See also Figures S2–S4.

Next, we confirmed downregulation of long genes and metabolic pathway genes in vivo using RNA-seq analysis in GC muscles from P35 male KO and control mice. First, the relationship between FC with pre-mRNA length of expressed genes were similarly analyzed in vitro. As gene length increased from 100 kbp and beyond, the FC tended to be more negative in KO GC muscle (Figure S3A), indicating long-gene transcriptopathy. We further examined mRNA expression changes of long genes relating to energy metabolism pathways that were identified in vitro and confirmed well-overlapped downregulated genes in vivo with in vitro (Figure S3B). Using RT-qPCR and WB, we validated the downregulation of mRNA and proteins of SFPQ target genes in vivo for the representative genes (Phkb, Me3 [malic enzyme 3, NADP(+)-dependent, mitochondrial], and Gphn [gephyrin]) (Figures S3C and S3D). These results indicated that metabolic-pathway-related genes were downregulated in vivo. We further assessed systemic energy metabolism by measuring blood glucose concentration in KO mice. In fasted condition, the blood glucose level was significantly lower in KO mice than in control mice (Figure S3E), indicating that loss of Sfpq impaired energy metabolism regulation in skeletal muscle, presumably increased glucose uptake, and further affected systemic energy regulation. This lower glucose level in KO mice potentially worsens muscle mass reduction and could be the cause of premature death.

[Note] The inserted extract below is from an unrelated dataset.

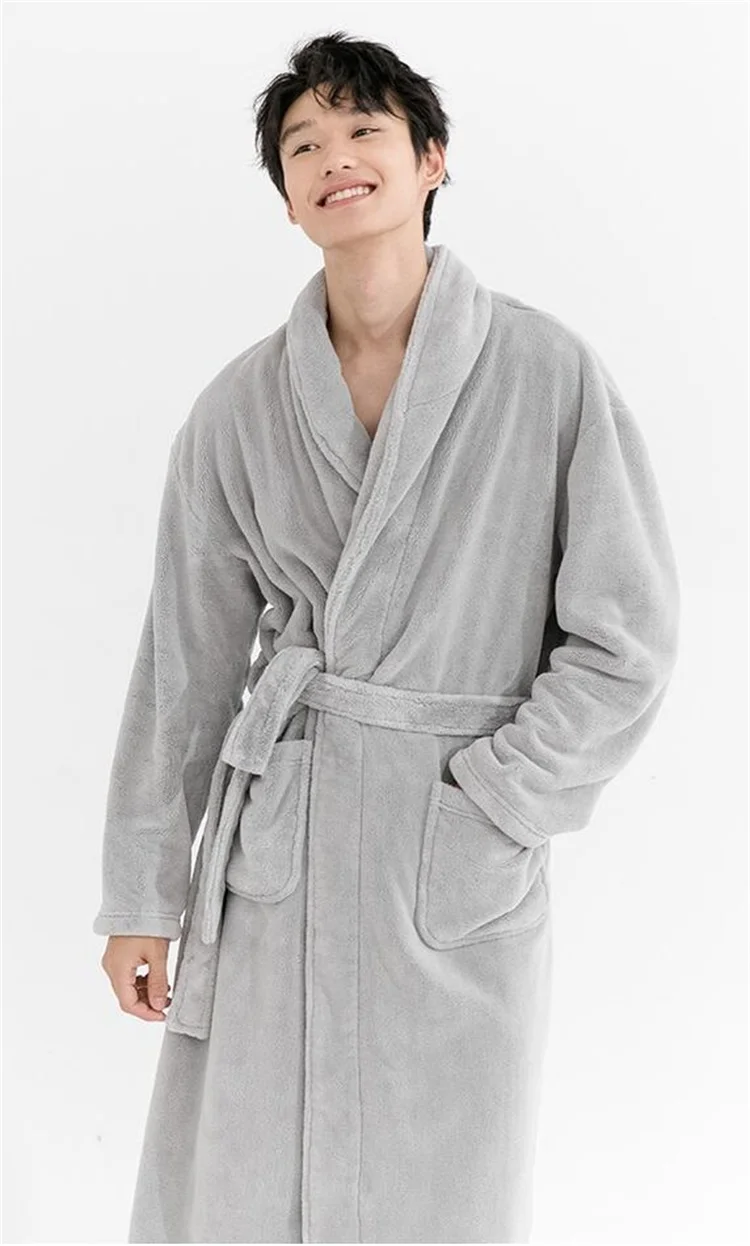 
2020 wholesale Soft nightwear flannel pyjamas and robe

We next tried to access why loss of Sfpq caused severe muscle mass reduction in KO mice. First, we examined the possibility of catabolic pathway activation (protein degradation pathway). We checked the mRNA expression of 18 genes relating to Ubiqutin-Proteasome, Calpine-Calpastatin, and Lysosome-Autophagy system (Carmignac et al., 2011, Stefanetti et al., 2015, Tipton et al., 2018, Yamamoto et al., 2015). There was limited upregulation only in Ctsl (Cathepsin L) (FC = 1.44), but the expression of all other genes was comparable between KO and control muscle (Figure S4A). In addition, we considered the possibility of dysfunction in anabolic pathway (protein synthesis). We examined protein synthesis in KO muscle by the surface sensing of translation (SUnSET) technique (Goodman et al., 2011). There was no significant reduction of puromycin-labeled peptides in KO muscle compared with controls, indicating that protein synthesis was not significantly impaired in KO muscles (Figure S4B). Together, it is indicated that both catabolic and anabolic pathways were not disturbed as the cause of severe muscle mass reduction in KO mice.

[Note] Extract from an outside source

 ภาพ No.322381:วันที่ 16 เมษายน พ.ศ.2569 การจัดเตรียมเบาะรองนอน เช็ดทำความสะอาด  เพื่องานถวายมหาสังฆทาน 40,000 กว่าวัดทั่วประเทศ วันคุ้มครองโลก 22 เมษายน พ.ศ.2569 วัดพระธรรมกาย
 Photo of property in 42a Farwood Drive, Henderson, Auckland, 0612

For further evaluation of muscle growth defect in KO mice, we determined the correlation between Sfpq and its target metabolic pathway relating genes during postnatal muscle development (P2, P7, P14, P21, and P28) in wild-type mice. Only modest change in the level of Sfpq mRNA was detected during postnatal muscle development, whereas that of all target genes except Plce1 and Hs6st2 were comprehensively upregulated during P14 to P28 (Figure S4C), consistent with our observation that body weight reduction in KO mice became evident in this stage. These results suggest that SFPQ is critically required for the upregulation of metabolic pathway genes and the muscle growth from P14.

Discussion

In this study, we found that skeletal muscle-specific disruption of Sfpq inhibited the expression of extra-long genes, indicating that SFPQ-dependent machinery is generally crucial for the full-length transcription of extra-long genes in muscle cells as we observed in the nervous system. We initially expected that extra-long genes such as Ttn, nebulin, Dysf, laminin α2, and Sgcd that are related to skeletal muscle structure or muscular dystrophy would be downregulated in KO mice, but this was not the case. Thus, Sfpq regulation does not extend to all long genes. In the developing brain, SFPQ regulates fewer than 10% of expressed long genes >100 kbp in length; a Gene Ontology analysis showed that target genes are related to neuronal development and maturation (Takeuchi et al., 2018). In skeletal muscle, we found that downregulated genes in KO myotube were highly enriched in metabolism such as glucose metabolism, TCA cycle, and respiratory electron transport indicating energy metabolism pathways as regulons of SFPQ. These results indicate that SFPQ specifically regulates tissue-specific target genes and is essential for regulating energy metabolism in skeletal muscle, which is closely related to the maintenance of muscle mass and motor function (Cunningham et al., 2007, Laplante and Sabatini, 2012, Mouisel et al., 2014). In addition, a recent study demonstrated that disruption of splicing factors Rbfox1 and Rbfox2 caused severe loss of muscle mass (Singh et al., 2018), indicating that RBPs are essential for the maintaining muscle mass as we observed in Sfpq-KO mice.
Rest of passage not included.